Hyundai Motor Manufacturing of Alabama is the subject of another racial discrimination lawsuit – this time filed by five Black men who say they were denied promotions, punished with writeups and, in one instance, told to report to a white manager who was referred to as “master.”
The 34-page lawsuit, filed in U.S. District Court for Alabama’s Middle District, comes a month after former HMMA Director of Administration Yvette Gilkey-Shuford sued the company for racial and gender discrimination. The new suit seeks back pay, lost benefits, compensatory and punitive damages.
Robert Burns, vice president of human resources and administration for HMMA, said the company does not comment on the details of pending litigation.
“HMMA provides a workplace free of discrimination based on race, color, religion, sex, sexual orientation, gender identity, age, national origin or ancestry, citizenship status, physical or mental disability, genetic information, veteran status, uniformed service member status or any other status protected by federal, state or local law,” Burns said in a statement.
According to the suit, Blacks can only rise to a certain managerial level, but comprise a larger percentage of workers who are subjected to more physically demanding work. One of the men details how, once he applied for a higher leadership position, the vacancy was withdrawn.
On another occasion in 2020, the suit states, a white manager approached a group of about 30 Black employees, saying their supervisor, who he referred to as “master,” wanted them inside. When informed the language was offensive, the manager ignored them.
The plant’s “rank-and-file employees fear a culture of retaliation and reprisal if they report discriminatory conduct within the plant,” the suit states.
The five men also allege that Hyundai keeps a list of employees who make discrimination complaints, and that employees can be denied promotion, disciplined, demoted or terminated for making complaints. This despite the Hyundai workforce being staffed by about 85% Black employees.
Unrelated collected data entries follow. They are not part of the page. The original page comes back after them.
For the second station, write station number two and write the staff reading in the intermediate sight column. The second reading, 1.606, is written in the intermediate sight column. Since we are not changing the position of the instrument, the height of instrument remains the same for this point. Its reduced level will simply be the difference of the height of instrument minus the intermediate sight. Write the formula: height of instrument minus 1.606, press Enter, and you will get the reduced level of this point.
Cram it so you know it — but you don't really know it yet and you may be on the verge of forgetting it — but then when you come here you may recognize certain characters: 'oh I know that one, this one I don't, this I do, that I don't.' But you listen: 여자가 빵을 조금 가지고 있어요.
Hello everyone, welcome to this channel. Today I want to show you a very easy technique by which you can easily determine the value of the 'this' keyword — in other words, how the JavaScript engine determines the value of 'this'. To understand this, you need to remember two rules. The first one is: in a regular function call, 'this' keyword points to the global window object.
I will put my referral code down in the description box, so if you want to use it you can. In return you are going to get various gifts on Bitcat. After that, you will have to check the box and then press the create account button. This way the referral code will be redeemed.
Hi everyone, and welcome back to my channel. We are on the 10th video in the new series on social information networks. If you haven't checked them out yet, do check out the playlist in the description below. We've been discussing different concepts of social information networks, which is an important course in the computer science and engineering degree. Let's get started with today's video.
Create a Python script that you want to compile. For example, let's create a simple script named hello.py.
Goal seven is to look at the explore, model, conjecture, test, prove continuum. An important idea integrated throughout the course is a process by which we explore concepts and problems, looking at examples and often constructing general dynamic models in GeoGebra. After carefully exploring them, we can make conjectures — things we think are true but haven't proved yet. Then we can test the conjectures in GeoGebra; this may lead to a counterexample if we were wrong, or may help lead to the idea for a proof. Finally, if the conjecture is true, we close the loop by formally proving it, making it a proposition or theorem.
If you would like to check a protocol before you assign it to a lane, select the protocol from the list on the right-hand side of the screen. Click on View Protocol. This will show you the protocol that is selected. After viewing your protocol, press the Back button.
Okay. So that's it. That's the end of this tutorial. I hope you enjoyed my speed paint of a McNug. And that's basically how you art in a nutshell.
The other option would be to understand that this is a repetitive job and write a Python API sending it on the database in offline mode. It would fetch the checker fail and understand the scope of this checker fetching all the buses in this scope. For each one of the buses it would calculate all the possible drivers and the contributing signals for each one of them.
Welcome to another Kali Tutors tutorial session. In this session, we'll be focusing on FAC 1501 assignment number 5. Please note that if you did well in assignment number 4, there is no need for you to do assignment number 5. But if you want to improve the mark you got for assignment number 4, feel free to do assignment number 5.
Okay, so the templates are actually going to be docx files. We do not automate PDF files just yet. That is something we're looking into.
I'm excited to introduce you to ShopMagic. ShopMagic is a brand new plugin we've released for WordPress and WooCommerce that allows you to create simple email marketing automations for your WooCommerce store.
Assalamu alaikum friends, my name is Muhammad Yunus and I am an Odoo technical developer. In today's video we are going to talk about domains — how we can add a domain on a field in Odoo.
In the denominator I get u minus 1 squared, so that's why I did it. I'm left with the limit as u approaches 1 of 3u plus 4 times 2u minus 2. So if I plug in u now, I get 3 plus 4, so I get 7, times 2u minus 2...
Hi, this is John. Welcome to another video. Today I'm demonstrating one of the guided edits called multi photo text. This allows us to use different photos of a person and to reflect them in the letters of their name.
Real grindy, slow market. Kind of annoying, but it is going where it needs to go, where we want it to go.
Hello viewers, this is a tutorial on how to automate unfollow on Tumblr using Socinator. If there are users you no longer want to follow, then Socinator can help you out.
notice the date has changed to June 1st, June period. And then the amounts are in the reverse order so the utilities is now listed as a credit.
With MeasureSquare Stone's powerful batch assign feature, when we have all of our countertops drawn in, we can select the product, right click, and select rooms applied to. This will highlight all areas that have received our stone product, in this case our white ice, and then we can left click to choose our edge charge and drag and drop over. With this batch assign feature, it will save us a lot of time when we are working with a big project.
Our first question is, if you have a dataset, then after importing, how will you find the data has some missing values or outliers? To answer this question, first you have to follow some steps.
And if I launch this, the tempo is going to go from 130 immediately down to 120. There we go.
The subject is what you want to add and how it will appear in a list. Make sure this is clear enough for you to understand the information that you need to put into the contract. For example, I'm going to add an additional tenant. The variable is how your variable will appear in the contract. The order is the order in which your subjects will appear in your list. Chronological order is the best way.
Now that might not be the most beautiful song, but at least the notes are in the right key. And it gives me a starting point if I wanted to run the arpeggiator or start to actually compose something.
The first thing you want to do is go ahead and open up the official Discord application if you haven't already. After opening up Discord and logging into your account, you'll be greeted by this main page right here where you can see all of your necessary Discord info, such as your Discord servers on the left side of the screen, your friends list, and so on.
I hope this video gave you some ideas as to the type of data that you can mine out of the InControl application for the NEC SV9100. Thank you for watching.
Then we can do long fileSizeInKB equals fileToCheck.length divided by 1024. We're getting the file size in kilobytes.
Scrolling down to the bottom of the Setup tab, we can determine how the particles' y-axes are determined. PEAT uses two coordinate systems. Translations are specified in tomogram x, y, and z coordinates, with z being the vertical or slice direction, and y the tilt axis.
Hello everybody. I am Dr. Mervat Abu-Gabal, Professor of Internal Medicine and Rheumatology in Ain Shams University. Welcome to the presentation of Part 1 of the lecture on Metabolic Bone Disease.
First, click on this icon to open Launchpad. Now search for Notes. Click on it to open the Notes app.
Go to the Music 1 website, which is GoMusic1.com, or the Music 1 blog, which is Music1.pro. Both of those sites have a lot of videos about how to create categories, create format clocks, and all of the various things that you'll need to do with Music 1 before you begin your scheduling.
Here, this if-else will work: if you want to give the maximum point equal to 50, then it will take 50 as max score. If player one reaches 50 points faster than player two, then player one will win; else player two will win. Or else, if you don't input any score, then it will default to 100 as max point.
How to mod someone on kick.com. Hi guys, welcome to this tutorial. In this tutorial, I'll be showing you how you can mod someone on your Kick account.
One challenged several disciplinary measures and was told by other employees, “they want you fired.” Another contends he was terminated after disciplinary measures that were harsher than for his white coworkers for similar infractions.
Another took an extended medical leave. When he returned, he was told he had been reassigned to chassis marriage, one of the more physically demanding jobs, which does not align with company policy following medical leave, the suit states.
Artur Davis, who is co-representing the men, said the four still employed at Hyundai “are risking good paying jobs by standing up for their rights,” he said.
“They are frustrated but they refuse to work on a plantation and no one is their master,” Davis said.